1) freshly roasted coffee - flavor profile degradation begins around day ~10
in most 3rd wave light-medium roast coffees. I would suggest Intelligentsia
coffee, Blue Bottle, Stumptown, or Counter Culture. These guys are the "big 4"
and trying either single origin or blends from them will give you a better
idea of what to look for in high quality beans.

2) a conical burr grinder. Do not use a spice grinder (whirly blade) which
will shatter the bean causing large amounts of micro-fines and make your
coffee bitter. Capresso makes an OK home grinder, or (if you have the patients
for it) the Hario hand grinder (with a ceramic burr) is excellent (but takes a
while.... though it can be used in situations lacking electricity). In our
dataset, conical grinders increase the Perceived Quality of "3rd wave" beans
by 1.4 standard deviations on average - there is almost no effect on burnt
beans or lesser coffee.

3) a Chemex or French Press. These are both simple, elegant, and allow you to
make a range of quantities depending on how much coffee you have and who's
drinking. Both of these brew methods score .75 standard deviations higher in
perceived quality than average with less experienced (in our dataset that
means 'non-expert') tasters. The average perceived quality can be further
improved by correct dosing and pouring methods.

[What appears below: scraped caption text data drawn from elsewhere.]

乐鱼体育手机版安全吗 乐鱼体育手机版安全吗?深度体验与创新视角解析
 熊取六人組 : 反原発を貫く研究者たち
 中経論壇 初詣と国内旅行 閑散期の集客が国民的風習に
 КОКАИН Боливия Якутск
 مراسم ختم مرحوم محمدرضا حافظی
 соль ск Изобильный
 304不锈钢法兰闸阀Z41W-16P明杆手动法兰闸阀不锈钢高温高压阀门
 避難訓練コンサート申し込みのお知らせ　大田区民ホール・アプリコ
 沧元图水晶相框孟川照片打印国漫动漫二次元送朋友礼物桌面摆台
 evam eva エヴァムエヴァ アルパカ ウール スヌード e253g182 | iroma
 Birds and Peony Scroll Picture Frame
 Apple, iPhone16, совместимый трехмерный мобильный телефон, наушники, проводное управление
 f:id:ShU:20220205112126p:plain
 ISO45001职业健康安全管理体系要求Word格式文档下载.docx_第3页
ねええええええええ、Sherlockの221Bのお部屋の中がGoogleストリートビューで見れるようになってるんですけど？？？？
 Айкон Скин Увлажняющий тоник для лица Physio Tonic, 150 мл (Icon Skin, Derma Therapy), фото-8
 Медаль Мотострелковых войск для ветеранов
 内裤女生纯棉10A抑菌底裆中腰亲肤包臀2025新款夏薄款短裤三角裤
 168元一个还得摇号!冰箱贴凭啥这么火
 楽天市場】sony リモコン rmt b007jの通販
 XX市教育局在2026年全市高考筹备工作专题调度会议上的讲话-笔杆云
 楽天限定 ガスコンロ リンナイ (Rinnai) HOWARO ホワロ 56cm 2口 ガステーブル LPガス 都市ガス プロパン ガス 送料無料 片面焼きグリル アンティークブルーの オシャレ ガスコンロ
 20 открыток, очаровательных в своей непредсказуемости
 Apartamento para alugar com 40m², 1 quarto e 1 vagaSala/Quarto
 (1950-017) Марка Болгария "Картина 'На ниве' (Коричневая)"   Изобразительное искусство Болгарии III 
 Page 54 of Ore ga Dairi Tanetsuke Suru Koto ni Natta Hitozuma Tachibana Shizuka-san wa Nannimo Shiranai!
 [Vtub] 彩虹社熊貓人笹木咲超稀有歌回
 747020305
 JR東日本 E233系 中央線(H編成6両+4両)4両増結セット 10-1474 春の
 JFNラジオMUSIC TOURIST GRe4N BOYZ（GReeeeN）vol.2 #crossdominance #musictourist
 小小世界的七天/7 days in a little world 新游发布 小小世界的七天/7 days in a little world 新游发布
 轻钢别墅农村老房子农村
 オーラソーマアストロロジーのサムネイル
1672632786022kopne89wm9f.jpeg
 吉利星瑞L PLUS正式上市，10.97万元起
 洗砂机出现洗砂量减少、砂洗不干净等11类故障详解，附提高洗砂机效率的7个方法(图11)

4) a swan neck kettle. This is 80% of what you need to to perfect your pouring
method. The rest is practice.

Finally, one of the best things that you can do is record and rank the coffees
you consume. This will help you objectively remember what you liked and
disliked about the product, and gain intuition on your preferences. My
company's tools are built for professional tasters in quality control, but
anyone serious about coffee could find suitable use for it. Gastrograph Review
is available free on the Google play store here[2].

[1] www.Gastrograph.com [2]
[https://play.google.com/store/apps/details?id=com.gastrograp...](https://play.google.com/store/apps/details?id=com.gastrograph.testggapp&hl=en)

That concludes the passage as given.